- Born: 14 March 1908 Toronto, Ontario
- Died: 15 March 1978 (aged 70) Palm Beach, Florida
- Education: Upper Canada College St. Andrew's College ('26)
- Spouse: Hedley Maude Eustace Smith ​ ​(m. 1934)​

= John A. McDougald =

Canadian businessman (1908–1978)

John Angus "Bud" McDougald (14 March 1908 – 15 March 1978) was a leading Canadian businessman and owner of Thoroughbred racehorses. In 1975, journalist Peter Newman wrote that, "He may well be the least known and most admired member of the [Canadian] business Establishment. Without question, he is the most powerful."

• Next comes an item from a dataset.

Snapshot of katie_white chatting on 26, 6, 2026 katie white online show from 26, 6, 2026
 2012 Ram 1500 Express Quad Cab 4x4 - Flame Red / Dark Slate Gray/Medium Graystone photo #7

Born in Toronto, Ontario, he was universally known by the nickname, "Bud". The son of a wealthy investment banker, after working as a stockbroker for Dominion Securities, in 1945 Bud McDougald teamed up with E. P. Taylor to establish Taylor, McDougald and Company Ltd. which would lead to his rise in the Taylor-controlled holding company, Argus Corporation. While McDougald would become involved in the sport of Thoroughbred racing, E. P. Taylor would devote much of his time to building his very successful Windfields Farm. That situation saw McDougald rise within the business to where he was appointed chairman of the board of directors and president of Argus. He was largely responsible for making it one of Canada's dominant business conglomerates that had controlling interest in Dominion Stores, Hollinger Mines, Massey Ferguson, Standard Broadcasting, Crown Trust and Domtar.

McDougald was one of the major biographies in Peter C. Newman's 1975 book, The Canadian Establishment.

McDougald died in Palm Beach, Florida in 1978. Two months after his death his widow and sister-in-law signed documents that gave Conrad Black control of Ravelston Corporation which in turn controlled Argus Corporation.

==Thoroughbred racing==
Introduced to the sport by E. P. Taylor, McDougald was a founding member of the Jockey Club of Canada. He and his wife owned a number of Thoroughbred racehorses, the most successful of which was Nijinsky's Secret.